- **RECORDS PROVIDED**
--- START ---

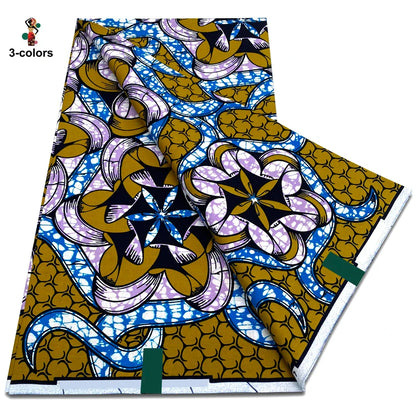 African Ankara Wax Fabric - 100% Cotton Soft Pink Pagne Fashion Print
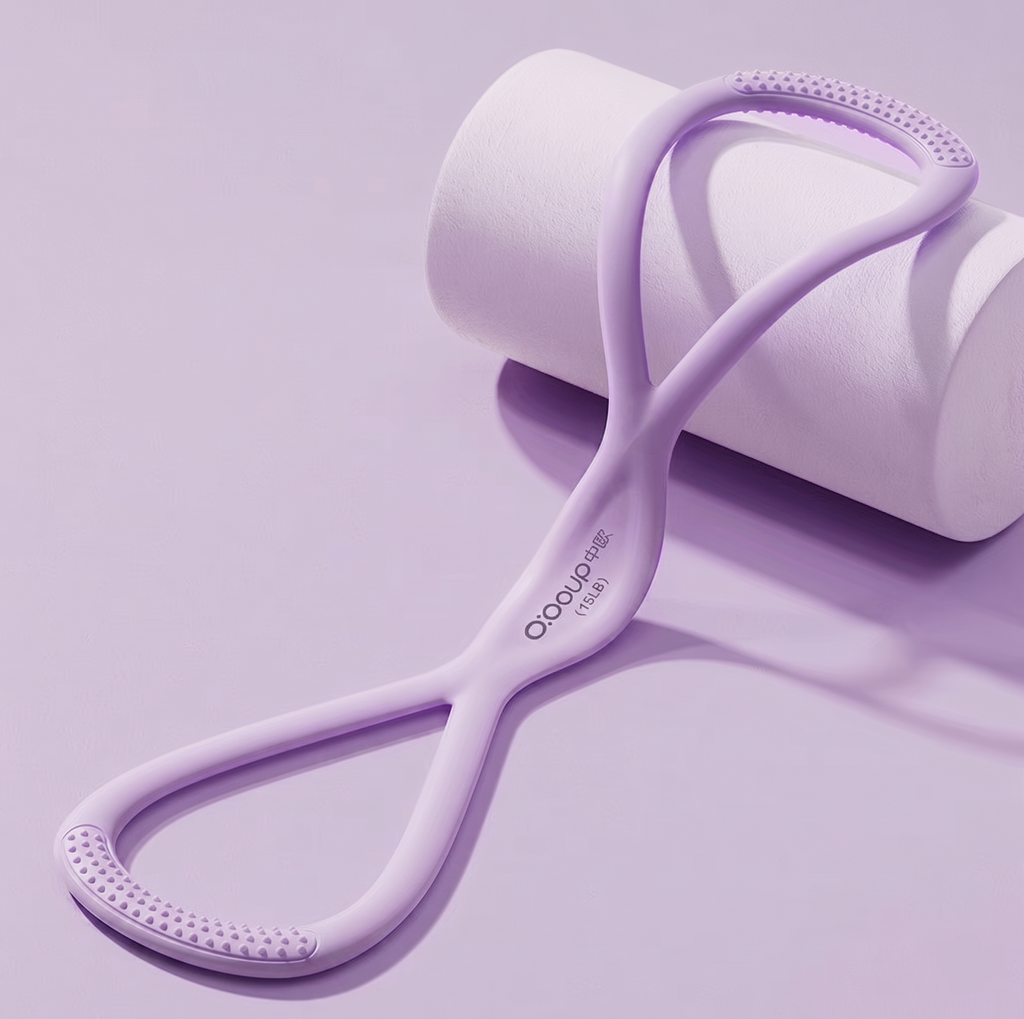 Figure-8 Resistance Band, Premium Silicone, 15 & 25 lbs, Anti-Slip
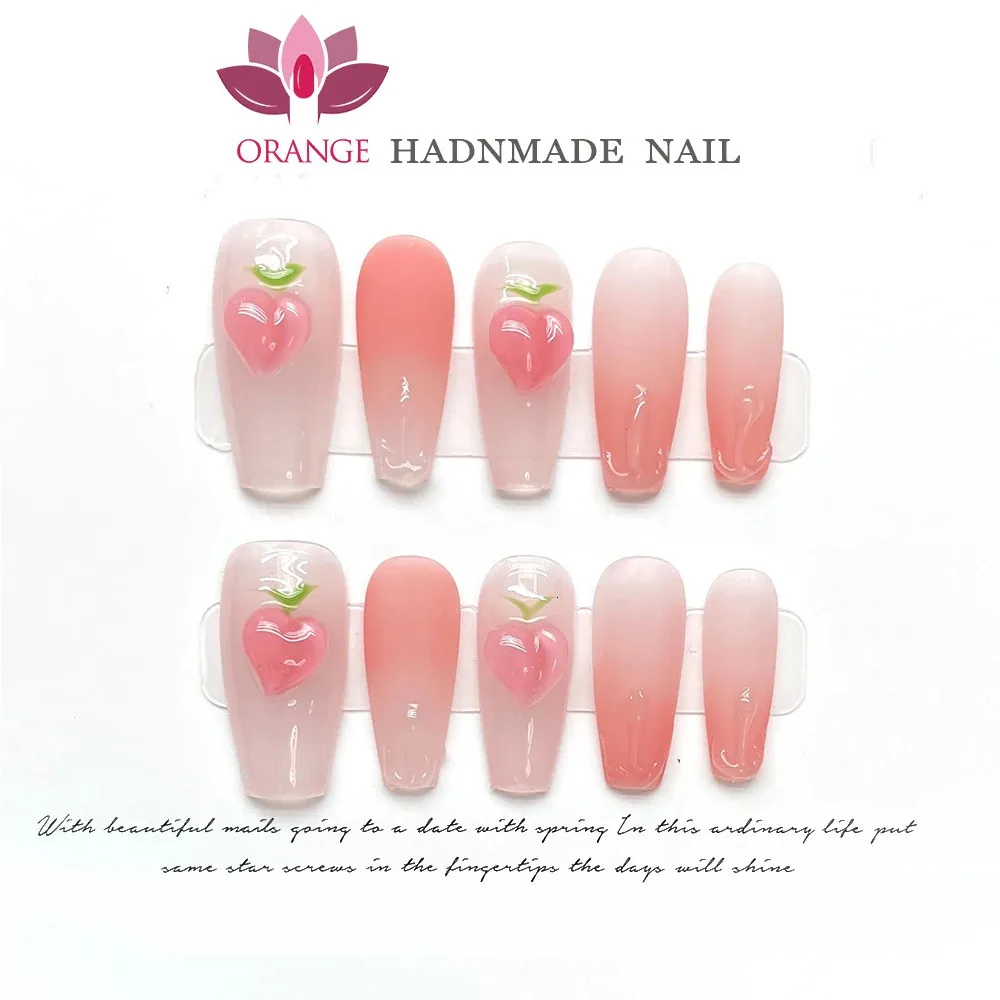 Handgjorda rosa falska nagel Tryck på med lim söt koreansk designad full täckning vinter manicuree bärbar nagel konst xs s m l size nagel 240411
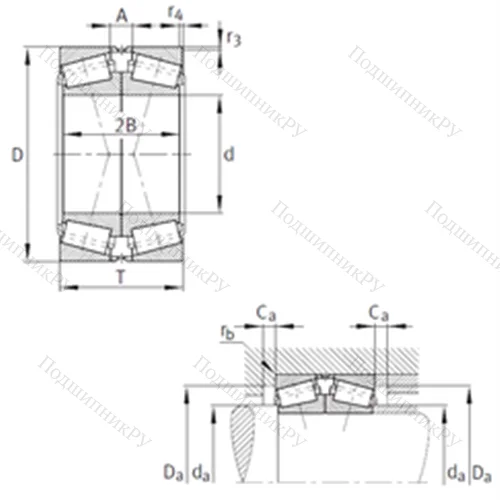Подшипник роликовый радиально-упорный спаренный 31328-X-N 11CA-A 160-200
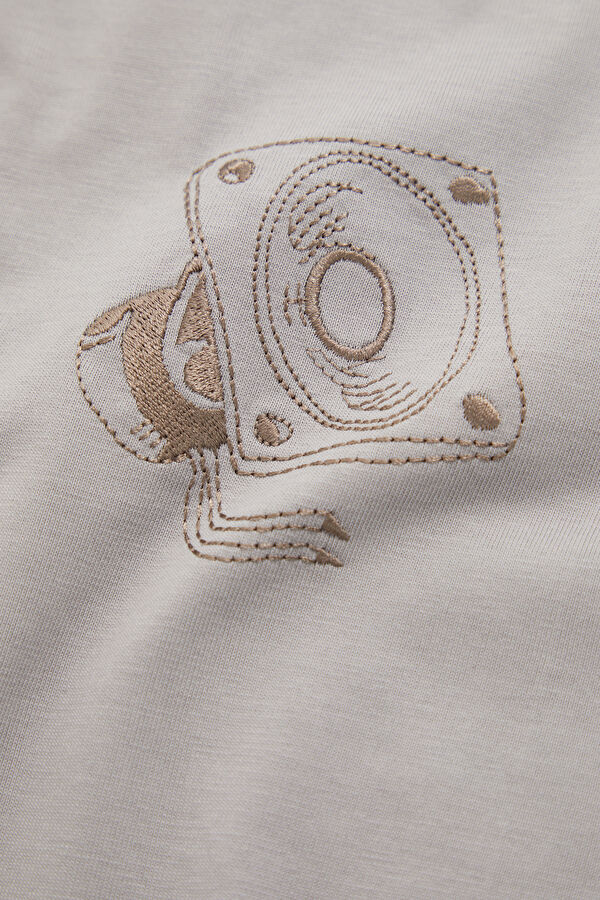 Gray Crew Neck Embroidered Men's T-Shirt 9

--- END ---

- **PROBLEM DETAILS**
Your job is to restate, word for word, only the lines from the one holding "Figure-8 Resistance Band, Premium" through the end of the material; pictures stay out.

- **TASK SOLUTION**
 Figure-8 Resistance Band, Premium Silicone, 15 & 25 lbs, Anti-Slip
 Handgjorda rosa falska nagel Tryck på med lim söt koreansk designad full täckning vinter manicuree bärbar nagel konst xs s m l size nagel 240411
Подшипник роликовый радиально-упорный спаренный 31328-X-N 11CA-A 160-200
 Gray Crew Neck Embroidered Men's T-Shirt 9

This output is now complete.